Pamela Wible: Recently, on that national TV spot I was eluding to earlier, I was asked to comment on a surgeon who had “strangled a nurse” with an elastic cord and of course, I wasn’t there and I don’t feel like I’m the right one to comment on national TV about a case that I’m not fully aware of, however, since I was placed on the spot I went ahead and researched what I could and I just want share that in that particular case, you have a surgeon who is overreacting in a way that, of course, nobody condones, strangling a nurse or becoming violent against somebody else, however, those charges were later dropped as unsubstantiated. The issue at play there was that there was a nursing medication error and the surgeon overreacted and so rather than blame somebody who’s overreacting to a life or death threatening situation that could injure a patient, I think the most important thing is for us to look at the system that has created an environment in which people feel that they are so unsupported that they get to that last hour of frustration they can no longer hold back and so they say a curse word or they potentially do this terrible assault maneuver. (View 58-second TV clip below).
The thing to address is the environment that pits us against each other as healers. Rather than placing us in a safe environment where we are supported with infrastructure that helps us, where we can emote safely, because let’s just face it, we are witnessing life and death situations every day and we do need help. We need debriefing sessions, we need time to emote, we need to talk about the difficult things that we see everyday in medicine, and there’s no time to do that.
Sydney Ashland: There’s no time and there are no tools because when we train our students that they need to put up and shut up, and that they need to internalize all their stress and use unhealthy ways of adapting, then those become lifelong habits and lifelong habits die very hard. This is not about demonizing men in medicine and making it impossible for them to be the feeling, compassionate, empathic healers that they are because they are as well. It is not just women who are compassionate and empathic. Some of the most gratifying sessions that I’ve had have been with men who are gifted healers, who are experts in their field, who have spent years and years and years becoming experts, and we need to allow them to be the gifted healers that they are.
Pamela Wible: I want to talk about three things that I believe may put men at higher risk for suicide. First, they’re socialized in a western culture to be the fix-it guy and the guy in charge and perfect and all that. Number two, I think because of high testosterone levels, (higher than women) that men are much easier to kind of get to anger and impulsive behavior. Number three (maybe due to their lower estrogen levels) they’re less likely to cry and emote and reach out for help. Women physicians will often call a friend, cry on the phone, go visit a female relative maybe and have a talk with their girlfriends sort of thing. I don’t think male anesthesiologists are doing this. So they have access to lethal meds, they have impulsivity, and they’re not likely to emote.

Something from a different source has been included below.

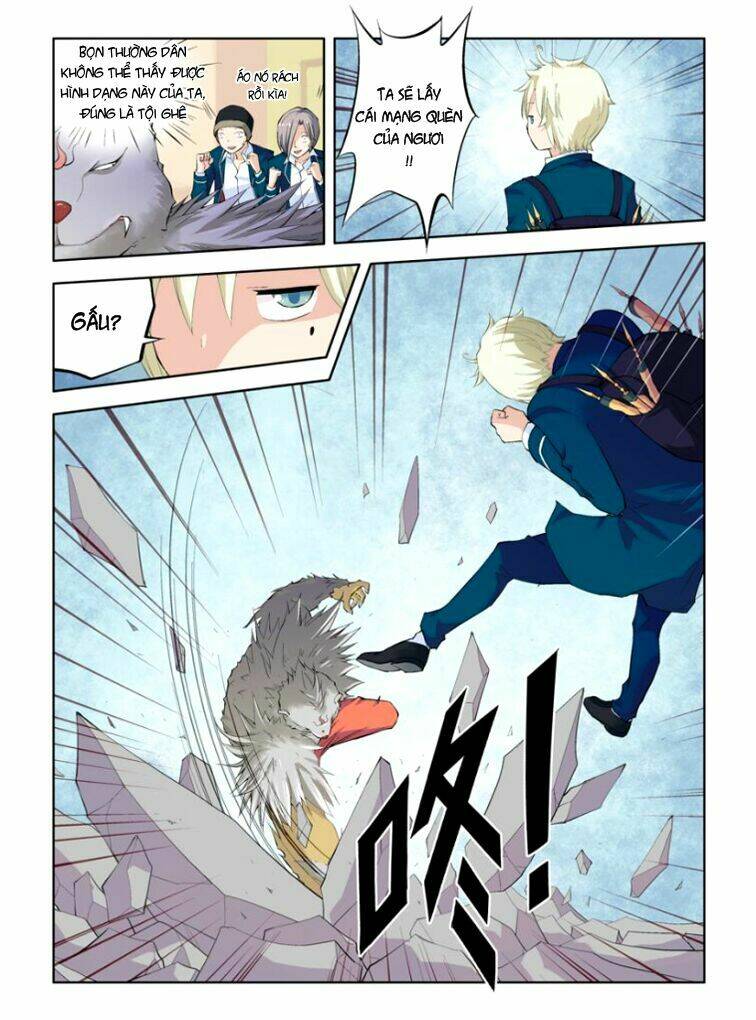 wang pai yu shi chapter 3 8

Sydney Ashland: Well, I just want to interject a caveat here that we’re not talking about all male physicians. Of course, there are exceptions to the rule and we’re just trying to talk about systemic issue that is generalized, but yes, I think that the cards are stacked against them and the very three real contributing factors that you’ve just listed are the primary cause. What is the answer today? The answer today is to begin to give men permission to assert themselves and to show up in a way that does not mean internalizing and tamping down their natural inclination to speak their truth, to allow their expertise to shine and be accepted and embraced.
Pamela Wible: Sometimes physicians just don’t want to ask for help and I think that’s the take home message today. It’s okay to ask for help.